Brother & Sister Problems/Long Lost Brother
Expert: Jaycie - 5/24/2010
QuestionI need some advice. I am 27 years old and think I may have found my 30 year old half-brother. I haven't seen him but once when I was 13.
Let me start from the beginning.
I remember seeing him when I was little. People used to think we were twins. But when he was 7 years old, my father didn't show up for a hearing where his mom was requesting for his step dad to adopt him. Needless to say, he was adopted by his step dad.
My father was a drunk and a horrible, selfish person. My mom left him because of his abuse and I didn't see him for years. I still don't like to talk to him.
As years passed, I didn't even realize I had a brother. I grew up with my half sister. But when I was 13 my mom told me about my dad's other children. Turns out I have 2 brothers. I am in contact with one, Andrew. But Nathan, the one I saw when I was 13, won't speak to me. We had a wonderful visit when I was 13 and talked for a little while after that.

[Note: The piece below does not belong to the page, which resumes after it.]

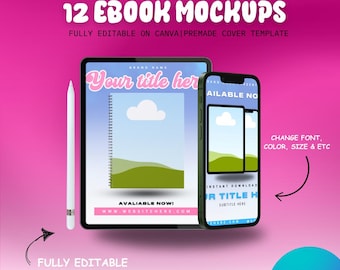 Blue Ebook Mockup Templates, Canva Editable Design (Digital Download)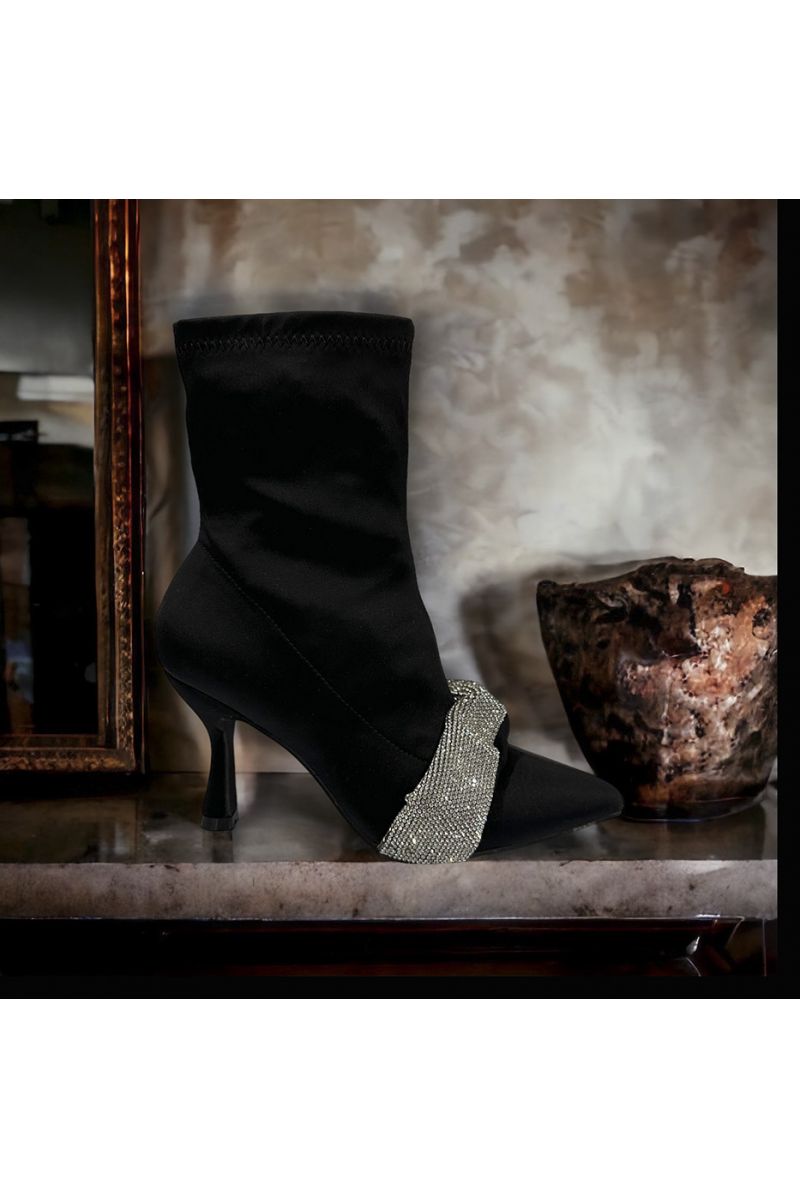 Black ankle boot with rhinestones - 3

I had tracked him down after my mom had told me and at the time, he was happy I had found him.
I track him down once in awhile and update him on where I am and what I am doing, just in case he wants to contact me. I does break my heart that he doesn't seem to want to. But I do understand that legally, he isn't really my brother anymore. I never hear from him in response.
I was happy to have found him on MySpace and saw a picture of him. We still could be twins. Its so weird to see a picture of someone that looks exactly like you, but you don't know them.
Last week, I came across his half brother's Facebook page. I sent him a message asking him to let me know that Nathan was ok and to let him know I'd love to talk to him someday. Maybe I am pushing too hard.
His brother, Shane, is quite a bit older than both of us. Nathan is 30 and Shane is 37.
He actually responded and I was surprised! He sounded very nice and explained that it is very important for siblings to stay in contact. He said he would talk to him for me and said he would like to contact me too. Turns out, my dad was his step-dad at one point and he knew all sorts of things about him I didn't. It was very cool!
Shane seems nice and although I haven't heard anything back about Nathan other than he is fine and living in Canada with a baby on the way, I still feel like there is a huge piece missing from my life and have for years.
I understand that I could never make him to talk to me but I am curious to know if I should just let him go. I understand there is feelings he has about our father that he will never let go. Maybe I am a reminder of this. I just worry that if I don't try, I will never talk to him. But I also do not want to upset him either.
I also do not know if I should stay in contact with Shane. He really isn't a relative but maybe I should keep that line of communication open?
Any input would be greatly appreciated.
AnswerFirst of all, Shane wants to have a relationship so don't push him away. He probably won't ever be a "brother" kind of person but more like a really close friend, as long as you let him in.
As for the Nathan, leave it open. Email him or call him or something and just let him know that you were wondering how he was and what was going on. Maybe send him a "Christmas card" kind of thing just updating him on you and your family. But don't wait until Christmas. Let him that you want to be close to him but that it's up to him. Hopefull he will respond.
You have have Shane try to talk to him about it but make sure he doens't feel like he's being cornered or anything. He won't like that. Just leave it open for him after you let him know what you want.